Skipping any pictures, give all of the records below again exactly.

-------- Available data

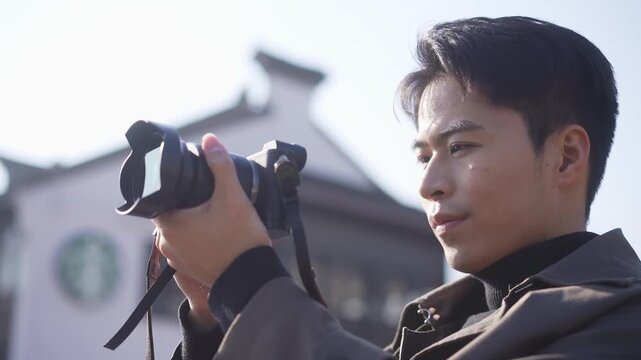 Young man holding camera and focusing intently on street scene photography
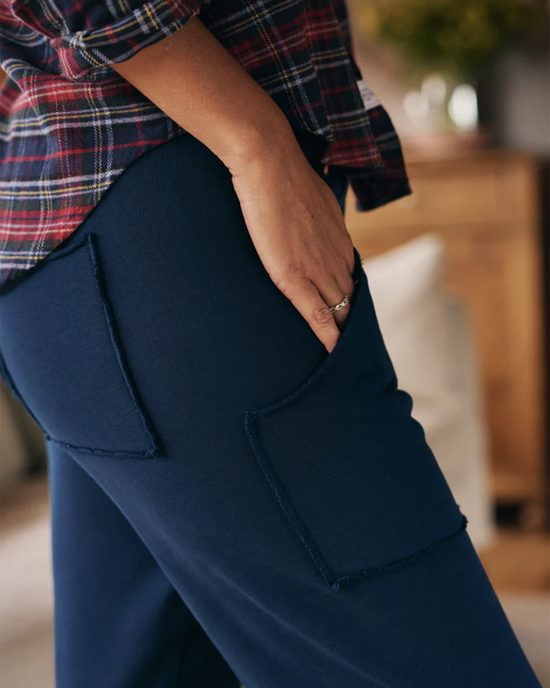A person standing with their hand resting on their hip, wearing a plaid Triple Fleece shirt and blue Eamon Jogger sweatpants in Air Force with roomy patch pockets by Frank & Eileen.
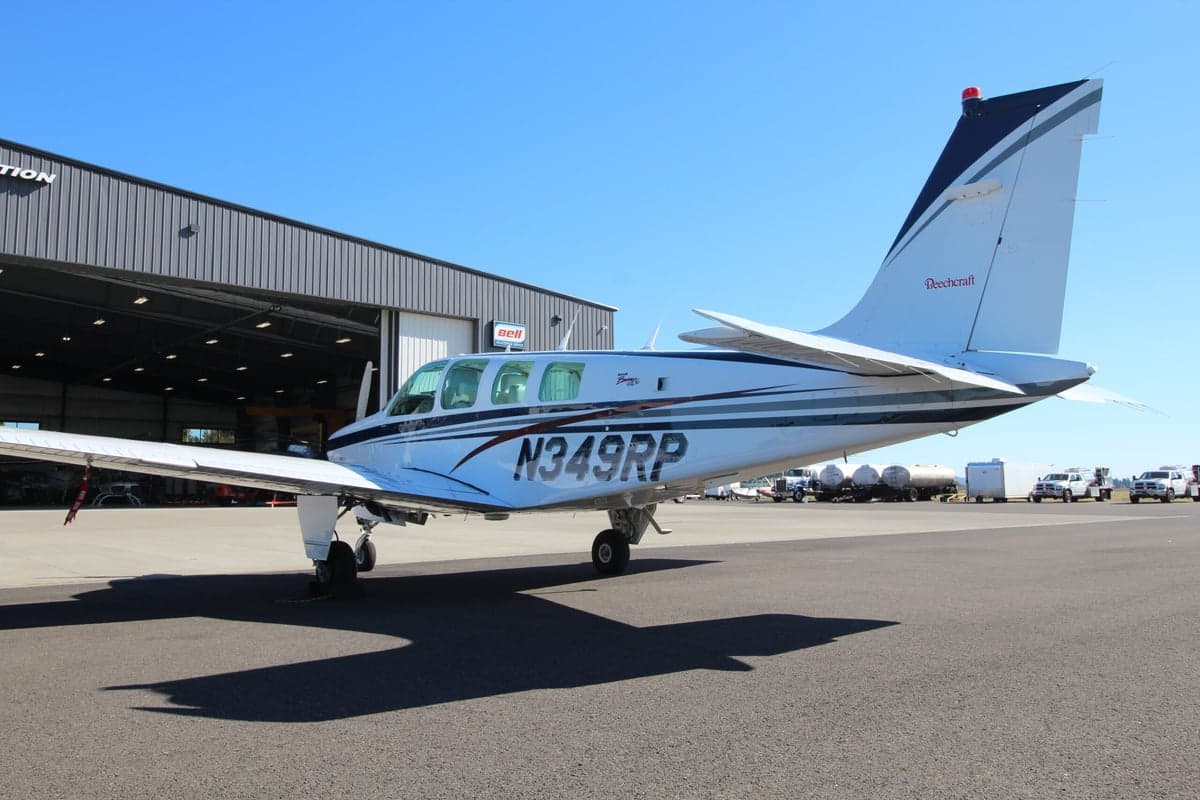 Side view of a Beechcraft Bonanza aircraft with registration N349RP on the tarmac in front of a hangar.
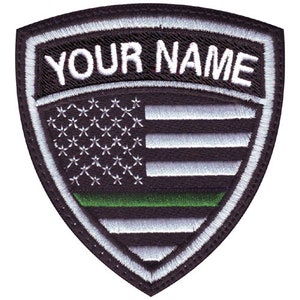 May include: Black and white embroidered patch with a thin green line, a shield shape, and the text "YOUR NAME" above an American flag.
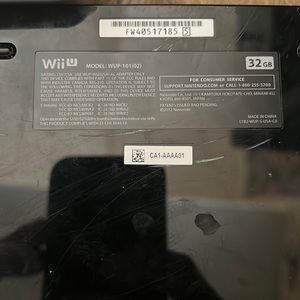 Wii U gaming system with 4 controllers, 2 nunchucks, 5 games, and everything els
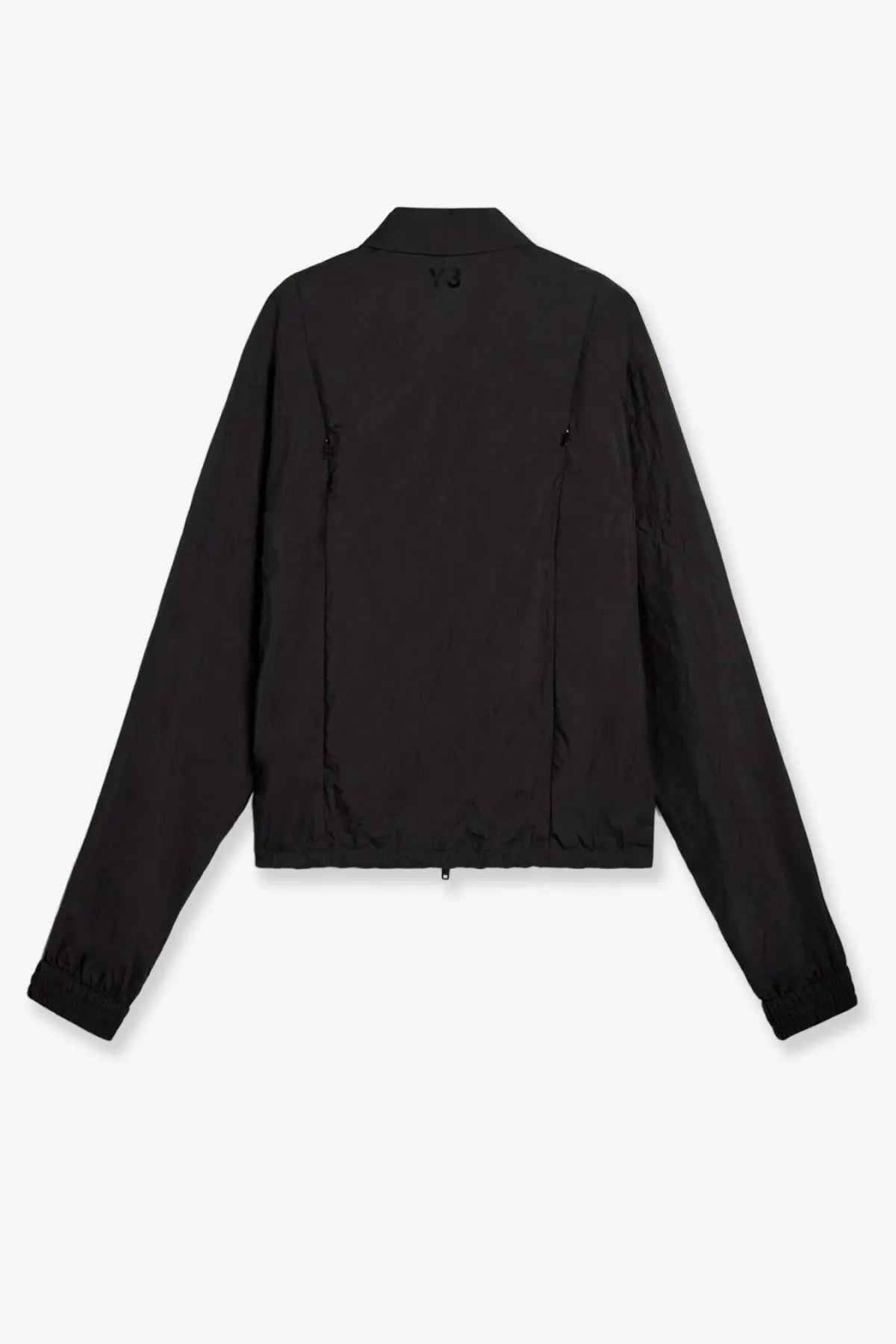 Black y-3 women’s nylon bomber jacket with subtle stitching and minimalist design shown from the back side
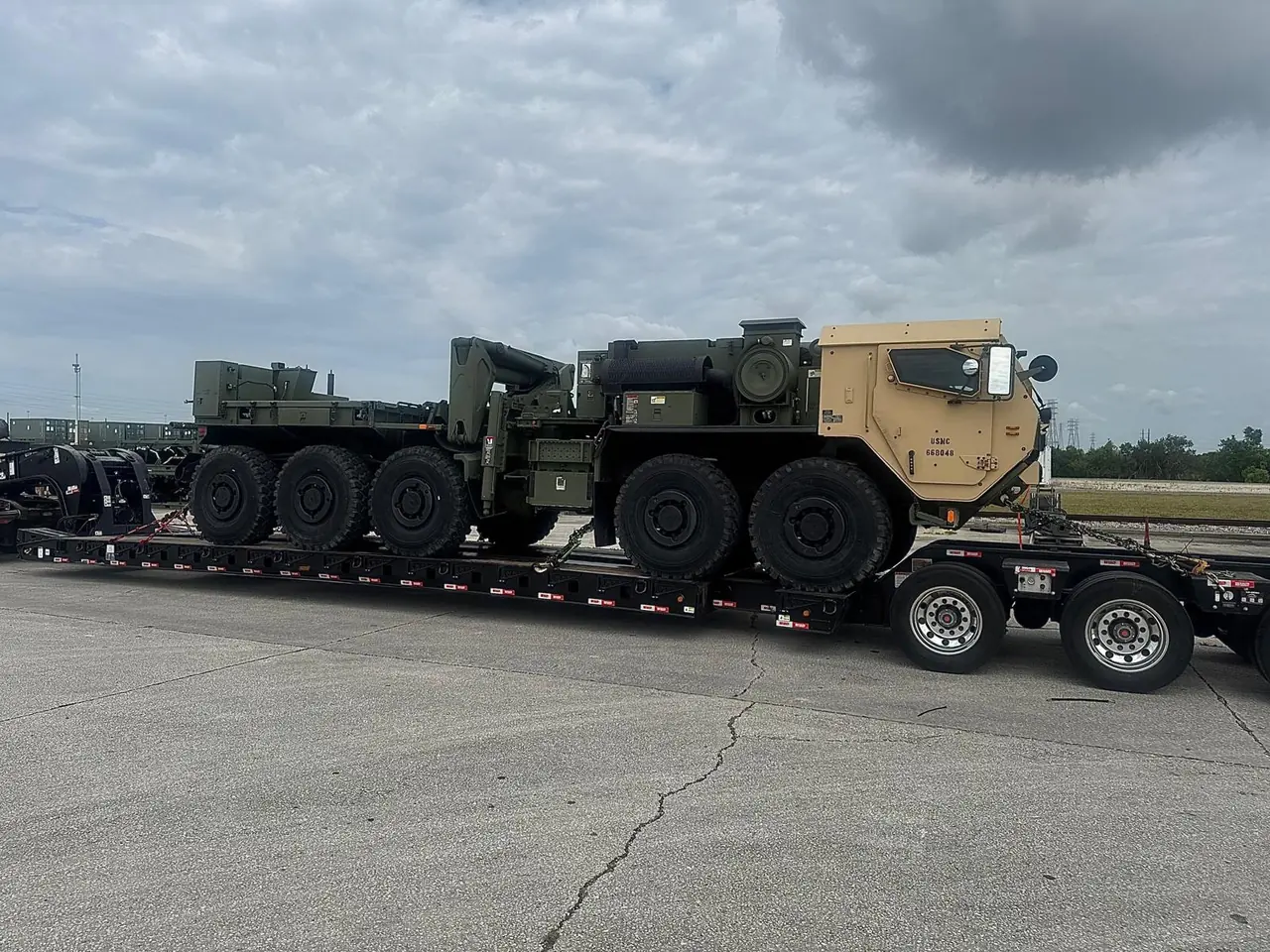 Multi-axle heavy vehicle secured on a lowboy trailer, viewed from the side
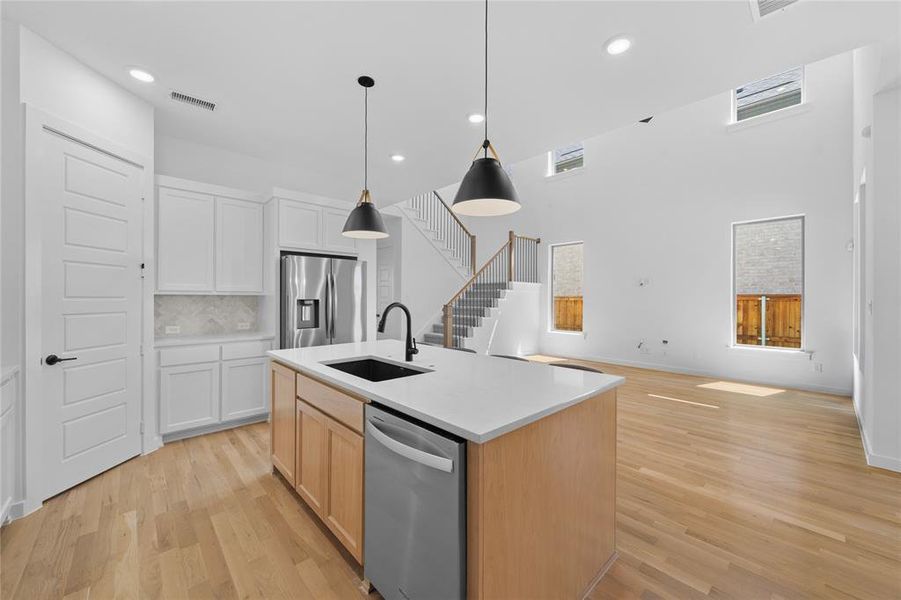 Open-concept living space featuring a central kitchen island with a black sink and faucet, integrated dishwasher, and pendant lighting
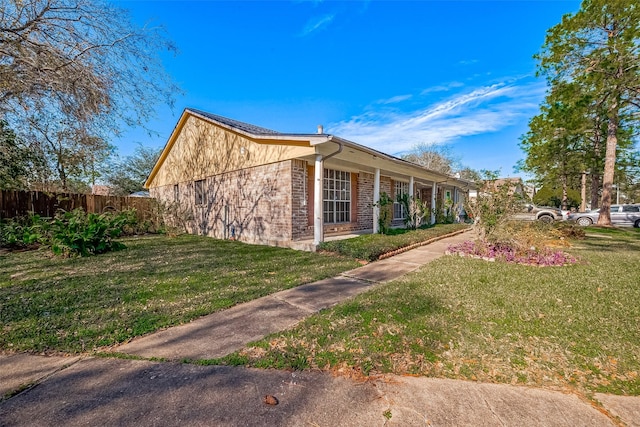 view of property exterior with a yard, brick siding, and fence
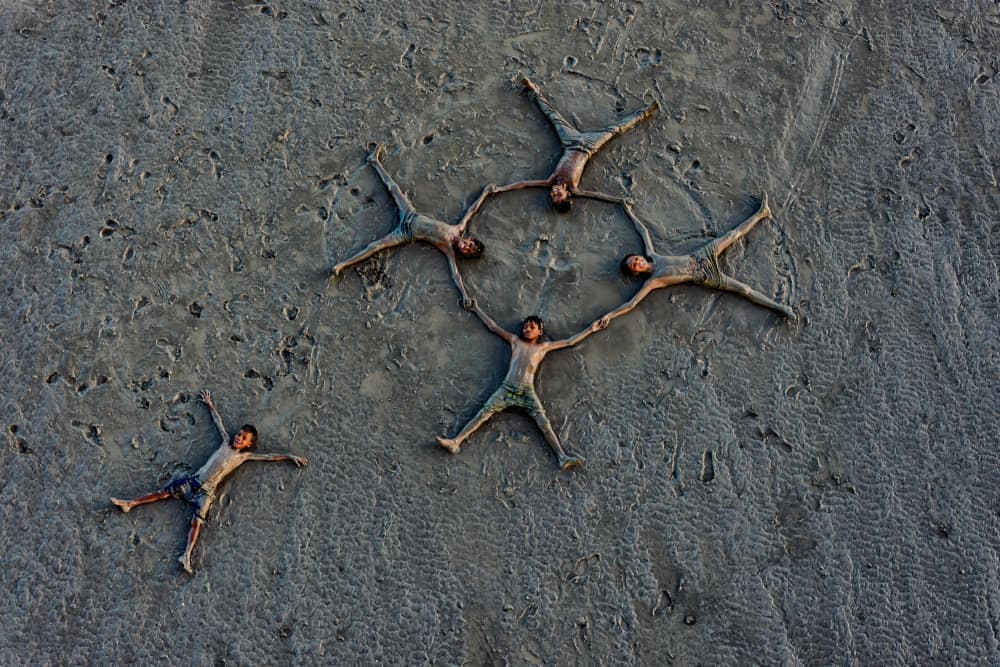 Kids Circle on Sand by Abhraneel Chakraborty — canvas wall art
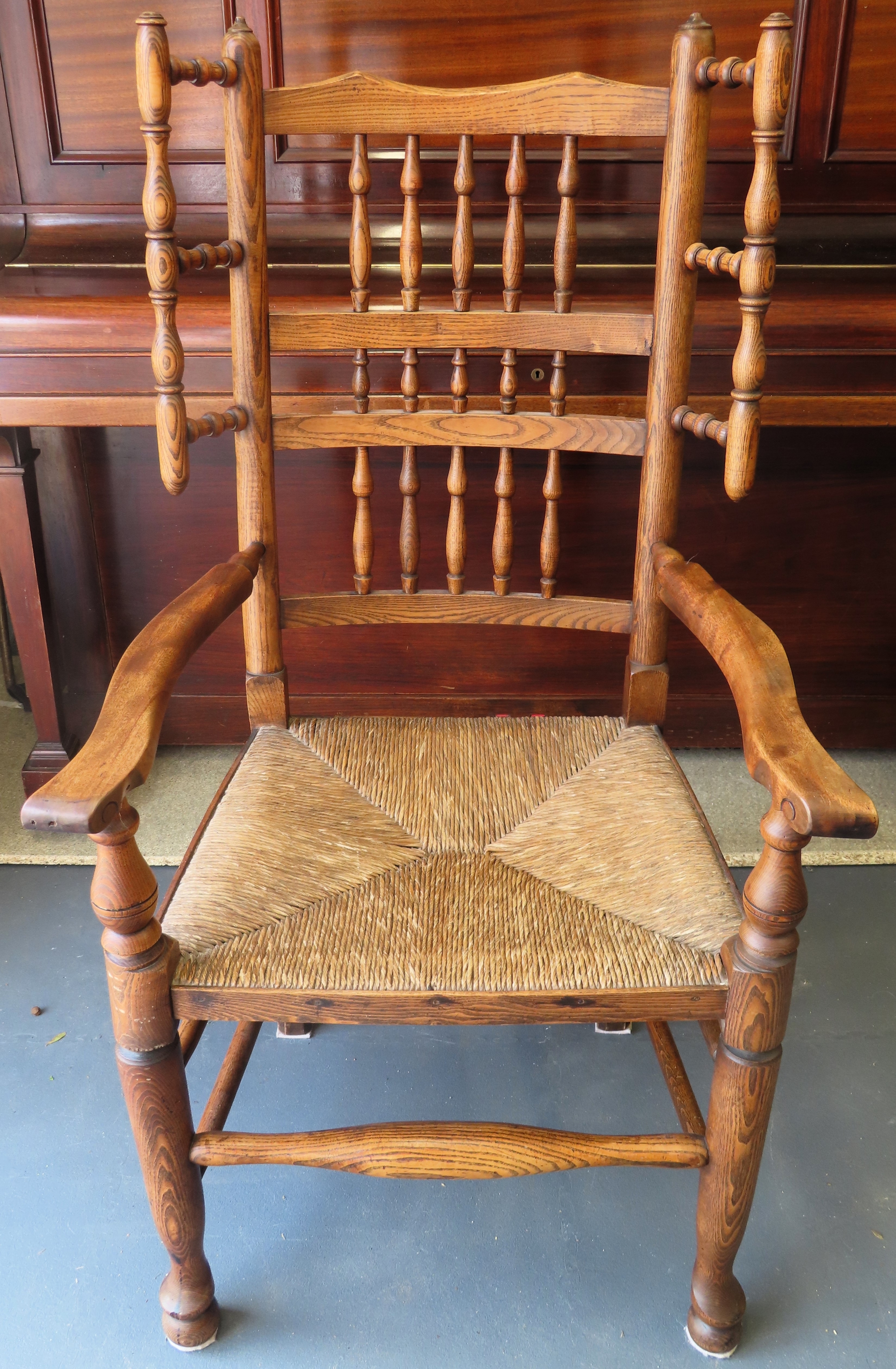 Early 19th century rush seated country style oak spindle back armchair. Approx. 115cm H Reasonable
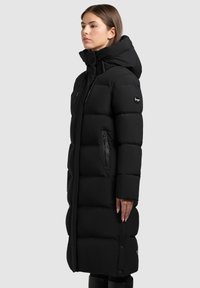 Dugi crni puffer kaput s kapuljačom, s patentnim zatvaračem na prsnom džepu, zatvaranjem na vezicu, quilted panelima i brendiranim logotipom na rukavu.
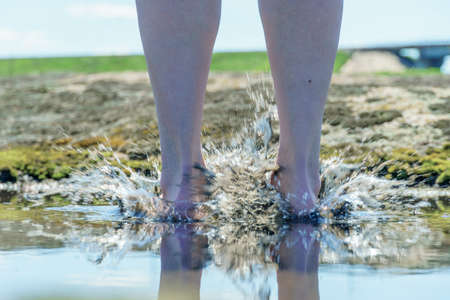 barefoot in a puddle. woman walks barefoot in a puddle outdoors. close-up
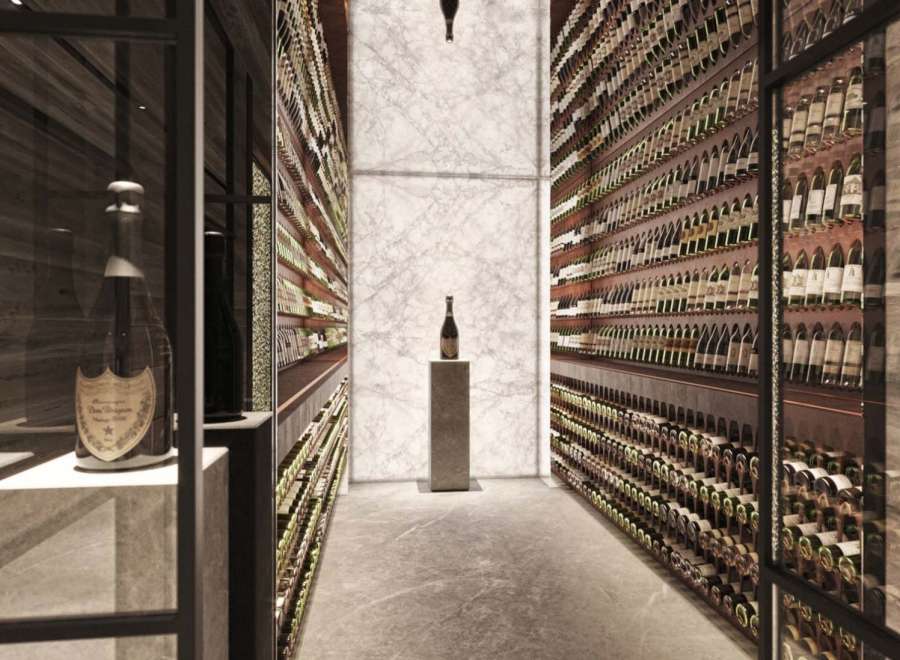 This luxurious property boasts a stunning, temperature-controlled wine cellar, showcasing an extensive collection of fine wines.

----------------

Exercise solution >>
 Young man holding camera and focusing intently on street scene photography
A person standing with their hand resting on their hip, wearing a plaid Triple Fleece shirt and blue Eamon Jogger sweatpants in Air Force with roomy patch pockets by Frank & Eileen.
 Side view of a Beechcraft Bonanza aircraft with registration N349RP on the tarmac in front of a hangar.
 May include: Black and white embroidered patch with a thin green line, a shield shape, and the text "YOUR NAME" above an American flag.
 Wii U gaming system with 4 controllers, 2 nunchucks, 5 games, and everything els
 Black y-3 women’s nylon bomber jacket with subtle stitching and minimalist design shown from the back side
 Multi-axle heavy vehicle secured on a lowboy trailer, viewed from the side
 Open-concept living space featuring a central kitchen island with a black sink and faucet, integrated dishwasher, and pendant lighting
 view of property exterior with a yard, brick siding, and fence
 Kids Circle on Sand by Abhraneel Chakraborty — canvas wall art
 Early 19th century rush seated country style oak spindle back armchair. Approx. 115cm H Reasonable
 Dugi crni puffer kaput s kapuljačom, s patentnim zatvaračem na prsnom džepu, zatvaranjem na vezicu, quilted panelima i brendiranim logotipom na rukavu.
 barefoot in a puddle. woman walks barefoot in a puddle outdoors. close-up
 This luxurious property boasts a stunning, temperature-controlled wine cellar, showcasing an extensive collection of fine wines.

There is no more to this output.